A district attorney fights a political machine which, through bribery, has defeated a new building code. He convicts the bribed alderman but cannot obtain from him any information as to the “men higher up.” At last he discovers that his own son-in-law was the go-between in the matter of the bribe. The intense loyalty of wife to husband is shown by his daughter who says to her father: “Your life and principles are nothing now—promise me you’ll keep Hal out of jail,” and by the wife of the guilty alderman who declares “it is not a question of right and wrong—it’s what I think of Nick.”
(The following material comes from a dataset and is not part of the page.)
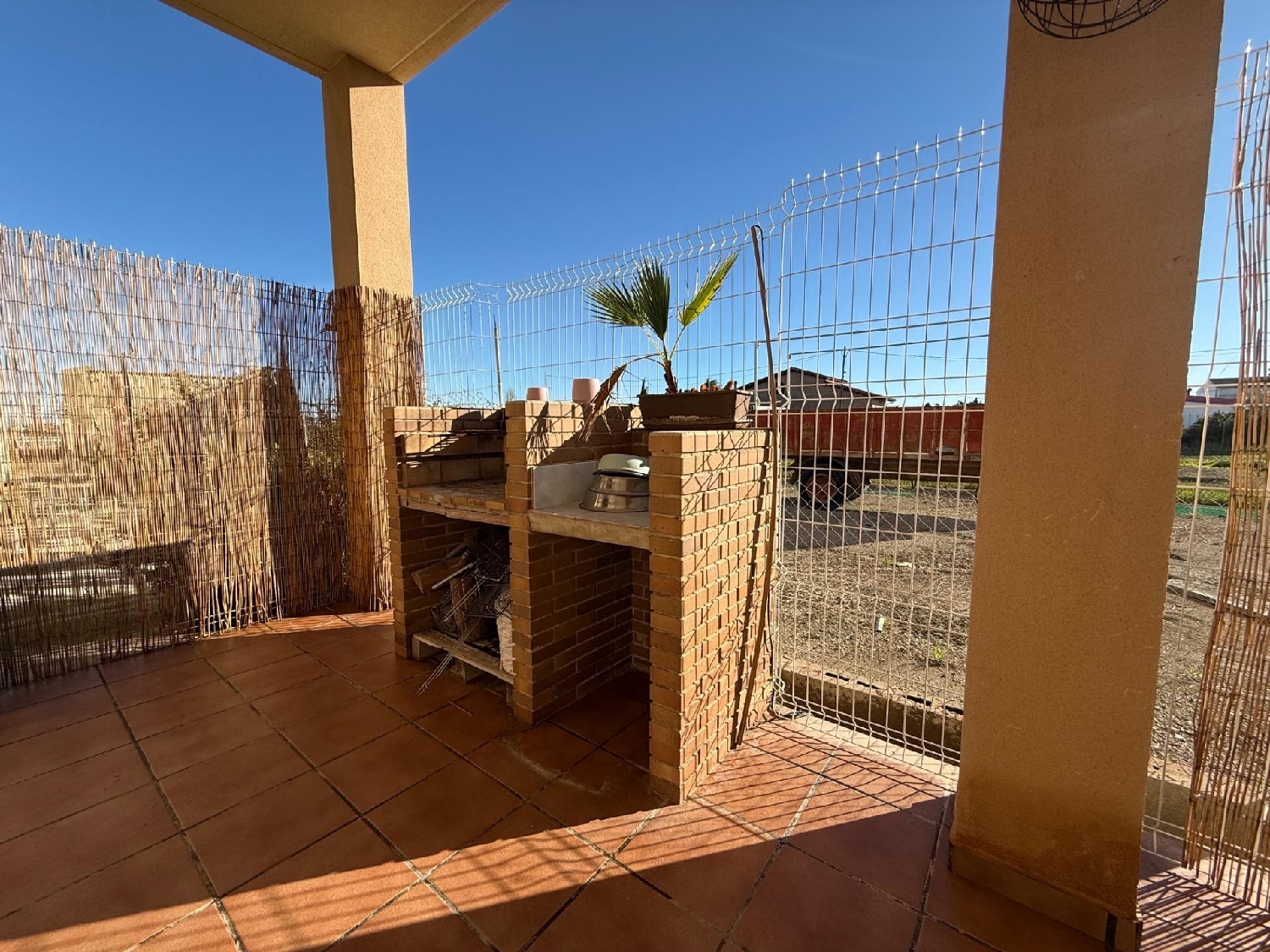 te koop huis Sant Jaume D'enveja Montsià 7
The play brings out the loyalty to one’s circle of intimates, shown in the refusal of the convicted alderman to divulge incriminating information; and the loyalty to a political coterie whose watchword is “You might as well be dead as a squealer,” and concerning whom the district attorney says: “It is the unwritten law of your system to perjure yourself to save a friend.” He further remarks to the boss, “You won’t help those not in your crowd—and your crowd is too small, even though you can call a hundred thousand people in New York by their first names.”
One element in the play is the definite human appraisal of just what graft and disloyalty to public welfare involve. It flashes out when the boss after telling how he had given a few dollars to a “down and outer” is silenced by the district attorney’s daughter who points out that he owns the gambling place in which the derelict lost his money. It is again emphasized when the district attorney says to those who appeal for leniency toward the men responsible for the defeat of the building code, “All right let’s be human,” and then refers to the 149 factory girls who lost their lives in a factory fire which the building code would have prevented. “People vote,” he says at another time, “with the man who laughs, but the laugh is too expensive.”
How the district attorney shows his own human qualities in the end by saving his son-in-law from prison, but in a way to render important service to the 9,000,000 people of the state, is the climax of the piece.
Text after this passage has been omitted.